C3.  n > 3. S = {P₁, ... , P_n} is a set of n points in the plane, no three collinear and no four concyclic. Let a_i be the number of circles through three points of S which have P_i as an interior point. Let m(S) = a₁ + ... + a_n. Show that the points of S are the vertices of a convex polygon iff m(S) = f(n), where f(n) is a value that depends only on n.

C4.  Find the smallest number of pawns that can be placed on an n x n board such that no row or column contains k adjacent unoccupied squares. Assume that n/2 < k ≤ 2n/3.

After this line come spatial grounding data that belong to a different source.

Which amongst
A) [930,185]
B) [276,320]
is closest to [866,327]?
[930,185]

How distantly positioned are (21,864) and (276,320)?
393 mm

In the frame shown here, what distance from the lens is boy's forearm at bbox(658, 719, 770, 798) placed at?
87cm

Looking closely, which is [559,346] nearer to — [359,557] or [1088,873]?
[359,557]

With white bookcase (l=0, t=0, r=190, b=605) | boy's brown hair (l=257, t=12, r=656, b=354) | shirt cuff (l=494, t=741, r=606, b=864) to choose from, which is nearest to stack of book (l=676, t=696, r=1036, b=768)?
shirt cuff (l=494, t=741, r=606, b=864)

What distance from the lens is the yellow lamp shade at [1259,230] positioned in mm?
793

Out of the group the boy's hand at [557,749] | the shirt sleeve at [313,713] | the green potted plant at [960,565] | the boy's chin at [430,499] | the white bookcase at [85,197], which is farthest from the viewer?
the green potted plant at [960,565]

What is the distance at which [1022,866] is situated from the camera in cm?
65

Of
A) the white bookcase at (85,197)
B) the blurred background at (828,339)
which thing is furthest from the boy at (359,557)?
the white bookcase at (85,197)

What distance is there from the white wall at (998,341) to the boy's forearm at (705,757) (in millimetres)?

C5.  n rectangles are drawn in the plane. Each rectangle has parallel sides and the sides of distinct rectangles lie on distinct lines. The rectangles divide the plane into a number of regions. For each region R let v(R) be the number of vertices. Take the sum ∑ v(R) over the regions which have one or more vertices of the rectangles in their boundary. Show that this sum is less than 40n.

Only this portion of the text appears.